(Crawled caption data)
^^^^^^^^

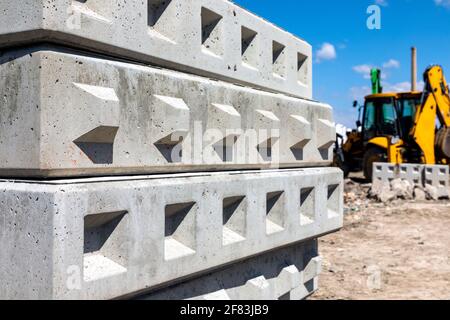 Blocchi di cemento grigio conservati in un cantiere con un escavatore giallo sullo sfondo. Foto Stock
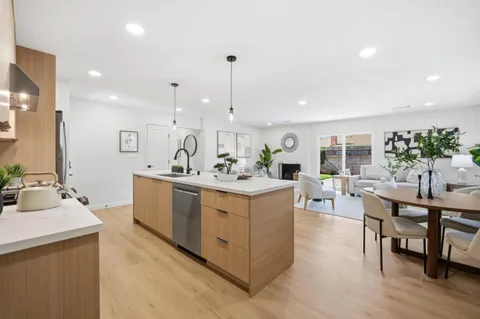a living room with furniture a dining table and chairs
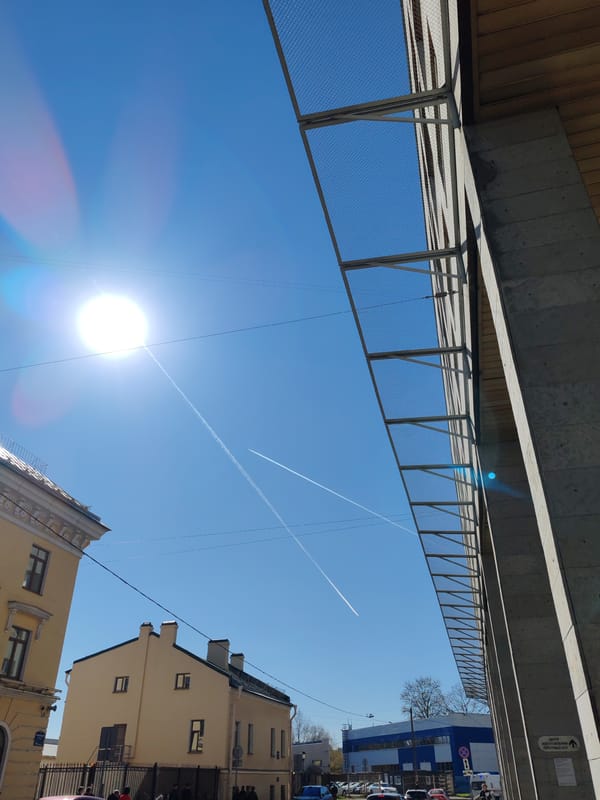 Everyday street scenes documented across Saint Petersburg during midday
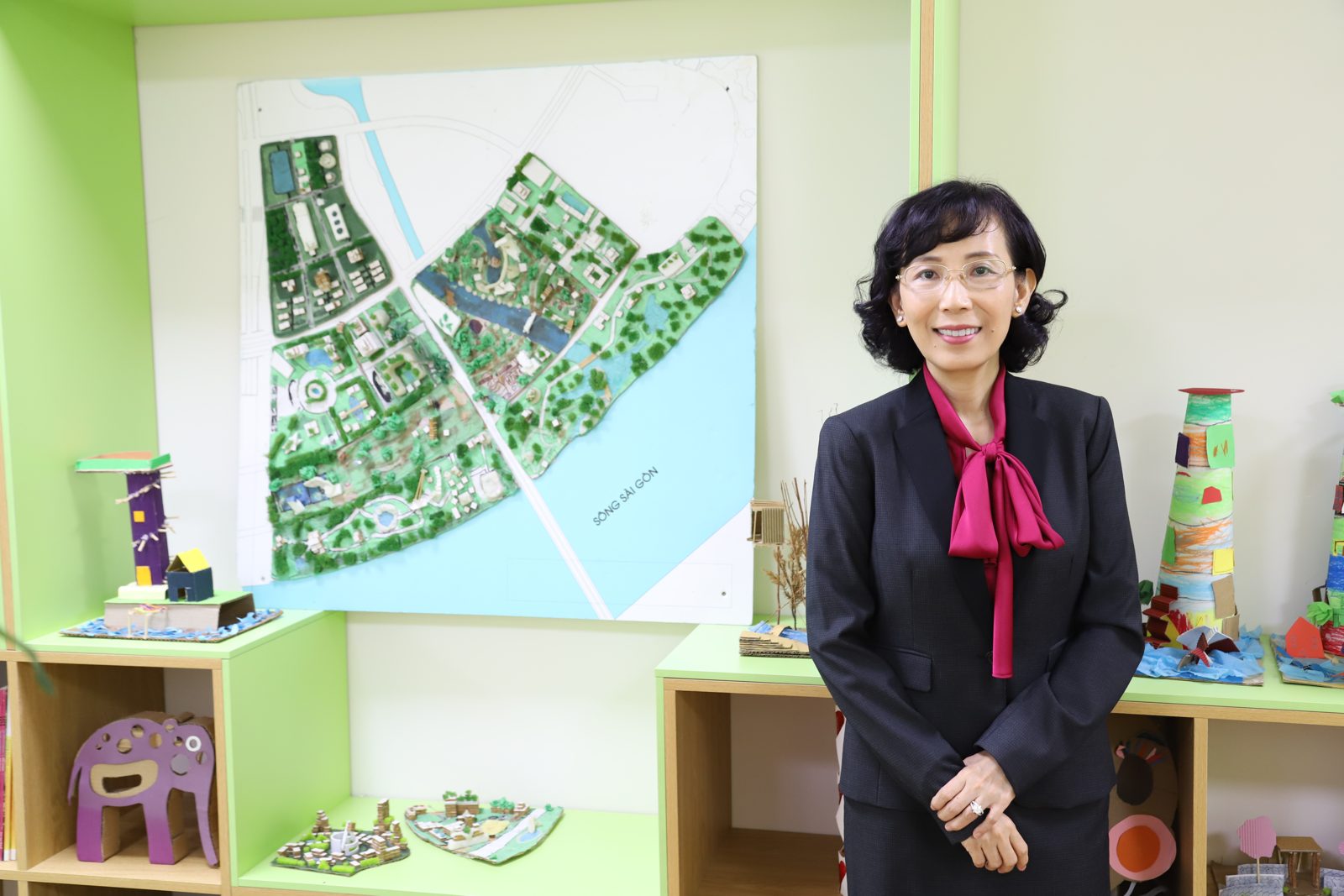 Bà giáo Trúc đứng cạnh kệ mô hình và một tấm bản đồ quy hoạch treo tường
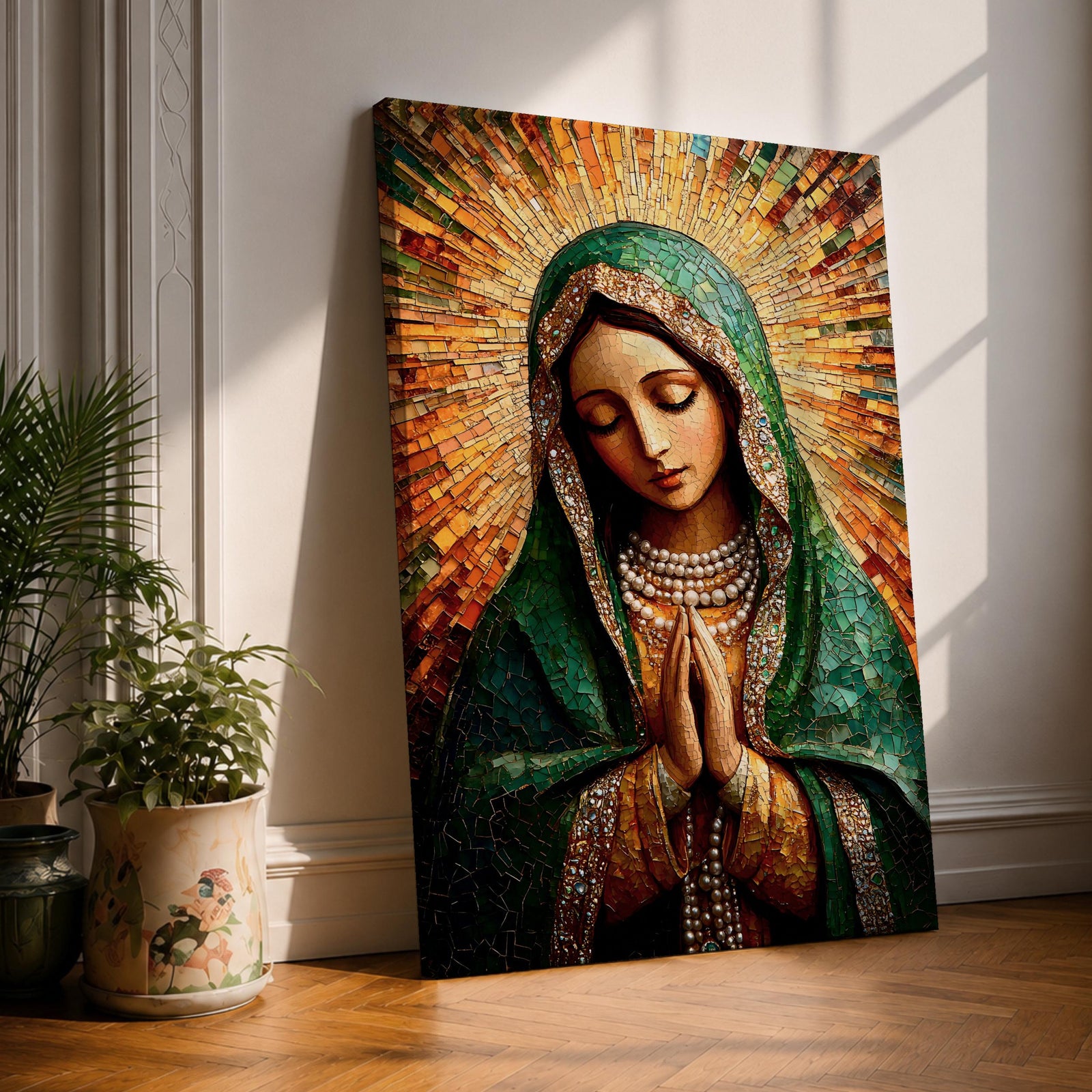 Mosaic style portrait of the Virgin Mary shown with head bowed and hands clasped in prayer, composed of small tile like fragments forming a devotional Catholic image. Radiant rays expand behind her while a detailed veil and necklace are rendered in textured mosaic pieces typical of religious icon artwork.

^^^^^^^^

## What you need to do
Only the text of the records belongs in your answer, repeated exactly; the pictures stay out.

## Answer
 Blocchi di cemento grigio conservati in un cantiere con un escavatore giallo sullo sfondo. Foto Stock
a living room with furniture a dining table and chairs
 Everyday street scenes documented across Saint Petersburg during midday
 Bà giáo Trúc đứng cạnh kệ mô hình và một tấm bản đồ quy hoạch treo tường
 Mosaic style portrait of the Virgin Mary shown with head bowed and hands clasped in prayer, composed of small tile like fragments forming a devotional Catholic image. Radiant rays expand behind her while a detailed veil and necklace are rendered in textured mosaic pieces typical of religious icon artwork.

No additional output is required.